Coproduction is an exciting approach to research that can generate truly novel, unexpected outputs [19]. However, it takes investment, skills, time and courtesy. Engaging stakeholders should be done for the right reasons and in the right way [52], yet there is so little empirical evidence about how coproduction changes research, policy or practice, or how it may compare to alternatives. Coproduction as a way to generate knowledge can be seen as one way to make the resulting research more ‘implementation ready’ on the assumption that, through the coproduction process, the team has already anticipated research users’ needs, capacities and priorities. Yet, there may be alternative ways to achieve this outcome without risking the costs detailed above.

The main motivations of researchers to engage in coproductive work are of course positive, with genuine belief in the importance and potential transformational nature of working with those outside academia. However, the political arguments are often not made explicitly (see, e.g. [31]). To us, this suggests that, either some researchers engage naively (albeit in good faith), or that researchers appreciate the political nature of decision-making and research, but prefer not to openly and honestly explain their strategies to deal with these dynamics. We also note that most normative, substantive and instrumental justifications for coproduction can be achieved through other means. Thus, we argue that political reasons for engaging in coproductive research may be the least-discussed, yet most important rationale made by researchers. Given the costs, we argue that this requires serious attention by the research community, including those who commission, participate in and evaluate research.

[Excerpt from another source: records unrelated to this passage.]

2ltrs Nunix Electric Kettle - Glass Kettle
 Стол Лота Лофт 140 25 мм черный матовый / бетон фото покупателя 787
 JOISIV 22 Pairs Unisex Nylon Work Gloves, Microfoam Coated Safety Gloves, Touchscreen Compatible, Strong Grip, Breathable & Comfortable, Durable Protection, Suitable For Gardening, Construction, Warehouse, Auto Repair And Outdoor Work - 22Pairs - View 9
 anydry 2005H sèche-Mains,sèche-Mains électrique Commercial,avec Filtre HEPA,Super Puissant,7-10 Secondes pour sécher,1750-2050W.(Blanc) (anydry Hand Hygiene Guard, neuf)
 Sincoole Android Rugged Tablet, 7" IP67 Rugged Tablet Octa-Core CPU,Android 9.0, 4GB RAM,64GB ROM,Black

Coproduction and participation may have a profound impact on the practice of research and the process of decision-making, and there are many promising and exciting examples of joint inquiry between researchers and stakeholders [30, 59, 81,82,83]. There are certainly many unanswered questions about the potential value of coproduction and collaborative research, and outlining the benefits and the mechanisms generating those benefits is an important task.

However, the tensions and challenges, costs and opportunities must also be described; they are unequally experienced and borne, strongly suggesting that mindful engagement is essential for the ethical practice of research. Many of these points of tension and costs are about power, and we recognise that all the implementation type tools, frameworks and processes cannot design away these tensions. There must be a more reflective, open discussion about when to do coproduction, the ethics of coproduction, and so on; we need more empirical evidence about its processes and outcomes; and we do not know which types are best suited for which problems, institutions or team configurations. As a community, it is imperative that we are more reflective about how coproduction influences the process of research, and the roles and responsibilities of everyone involved in collaborations [84].